Pero como las cosas en navegación nunca salen como uno las ha previsto, una semana se convirtió en casi un mes.Vientos contrarios del oeste (Poniente) o nada de viento, nos obligaron a ir haciendo paradas constantes y fondeando en lugares donde nunca habríamos imaginado ir : Torrevieja, Portman, Nijar, Roquetas del Mar, Almerimar, Adra, Castell del Ferro, Almuñecar, Fuengirola, Estepona. Sin contar con la rotura de la bomba de agua que nos retardó una semana en Estepona en un fondeadero muy abierto a fuertes vientos de Poniente con ráfagas de hasta 35 Kn. ¡Nada agradable y muy estresante! Una vez arreglada la bomba de agua y sin más opción que encender el motor por falta de viento pasamos por delante del Peñón de Gibraltar un 19 de julio para, por fin, poder entrar en la Marina de la Alcaidesa en la Línea de la Concepción. 

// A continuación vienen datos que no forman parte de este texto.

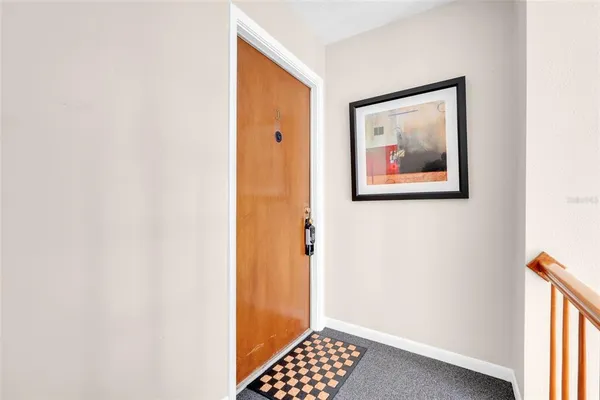 a view of a bedroom with a hallway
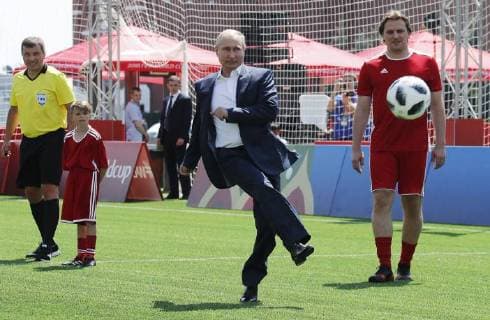 MOSCOW, RUSSIA - JUNE 28, 2018: Russia s President Vladimir Putin (C) kicks the ball as he visits the 2018 FIFA World Cup Football Park in Red Square. Mikhail Metzel TASS  TS086D64
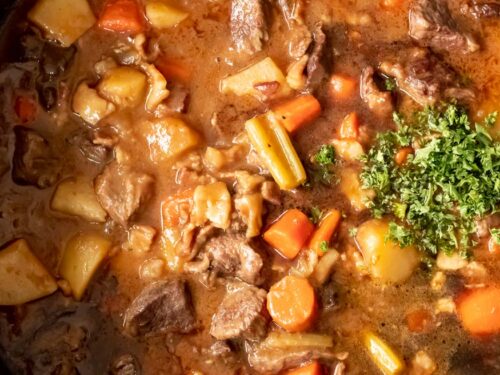 How to make irish beef and guinness stew, Lower the heat and partially cover, simmer for 2 hours. Continue to simmer until the beef is tender. Add the remaining beer and parsley.
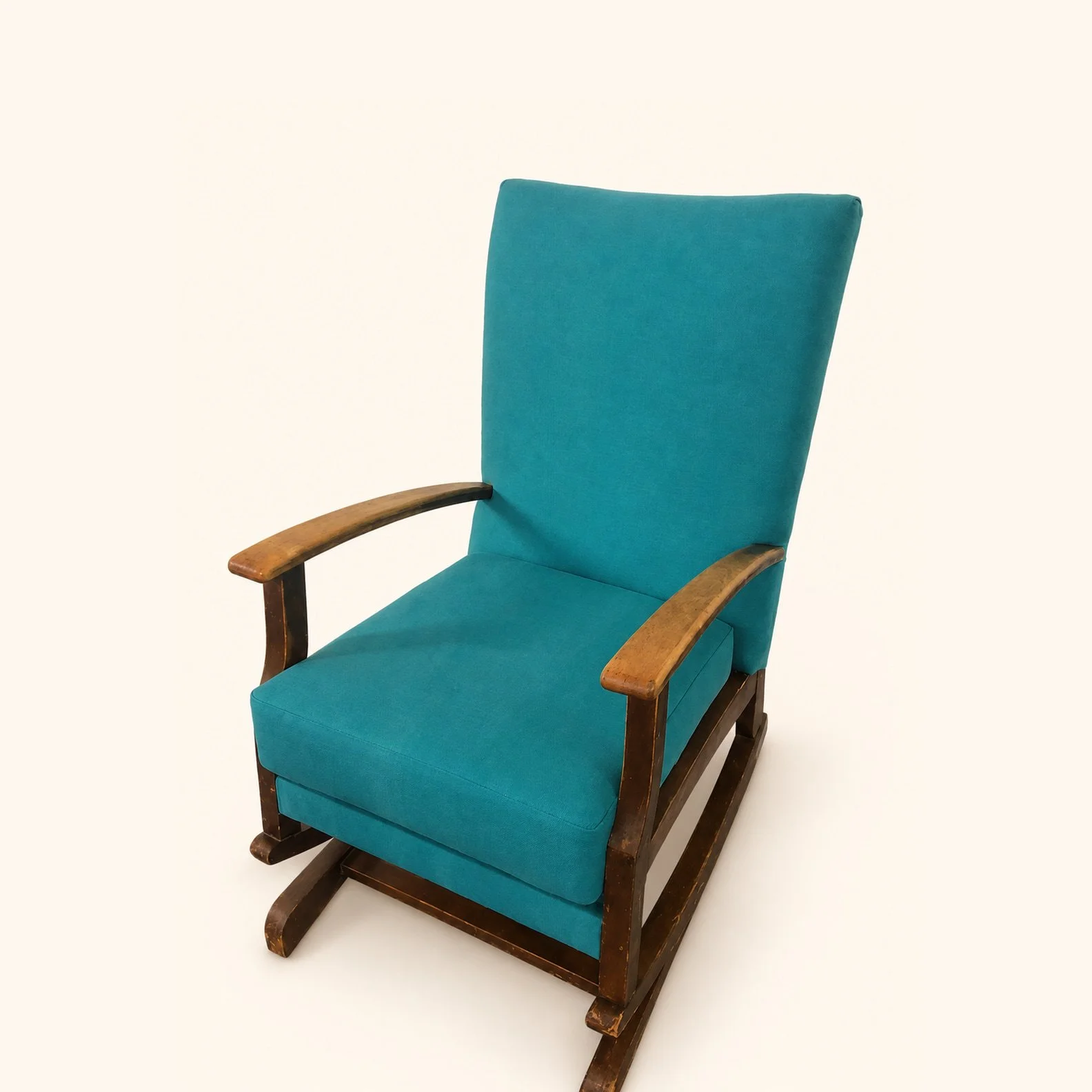 After reupholstery: wooden rocking chair with teal upholstered seat and back.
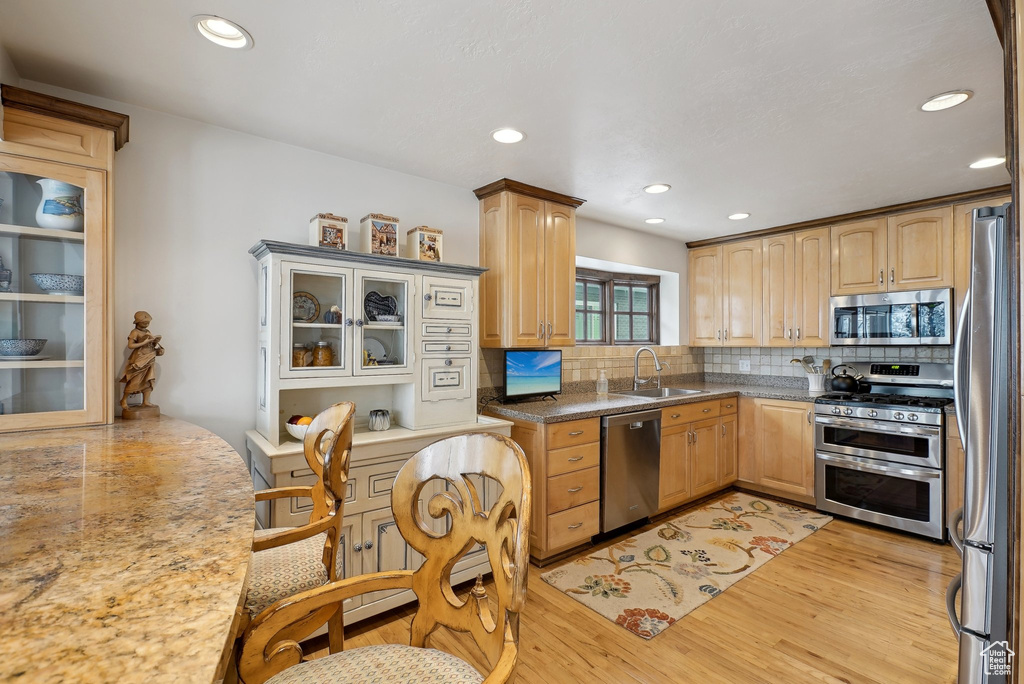 Kitchen featuring stainless steel appliances, a sink, tasteful backsplash, light wood-style flooring, and recessed lighting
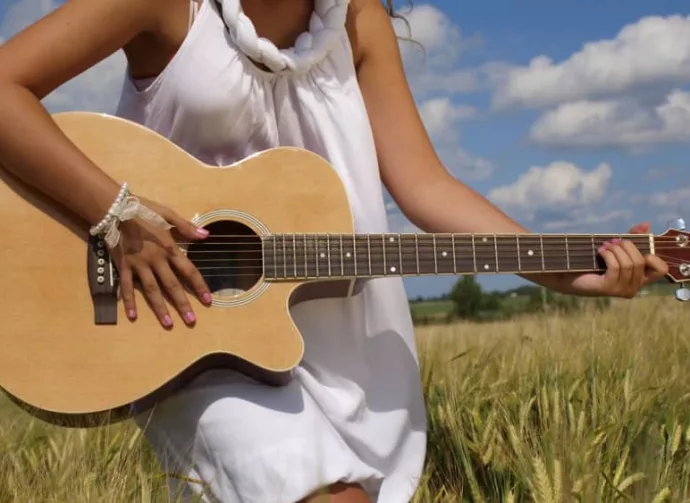 woman in field playing guitar in white dress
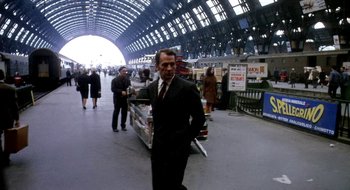 Movie still from “Teorema” (1968), directed by Pier Paolo Pasolini – A man in a suit walking through a train station; Wide shot, Low angle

Gibraltar es el lugar de encuentro de muchos navegantes que deciden cruzar el Estrecho de Gibraltar cuando las condiciones metereológicas lo permiten para luego seguir su camino bien hacia Tánger (Marruecos), Madeira o las Islas Canarias.

En nuestro caso, habíamos decidido pasar unos días en Tánger antes de ir a Madeira ya que queríamos encontrarnos allí con nuestro amigo Marc que, él, a su vez, llegaría allí desde Túnez en su catamarán “Maesha”.

Las fechas de salida dependerían como siempre de esperar una buena “ventana” metereológica (vientos, marea y corriente favorable para poder cruzar el Estrecho de Gibraltar en condiciones seguras) lo que, mientras tanto, nos permitiría descansar, reponer fuerzas, hacer compras y conocer gente estupenda con la que intercambiar información y experiencias en “compañía” de unas buenas cervezas o, porqué no, unos refrescantes mojitos.

Tengo en mente a estupendos jóvenes como Oceanne y Reunaud que conocimos el último día antes de marcharnos de Gibraltar pero con los que pudimos compartir más tiempo en Tánger ya que ellos, al igual que nosotros, habían decidido en el último momento cruzar también a Marruecos. A ellos va dirigido mi recuerdo esperando volver a verles quién sabe dónde o cuándo.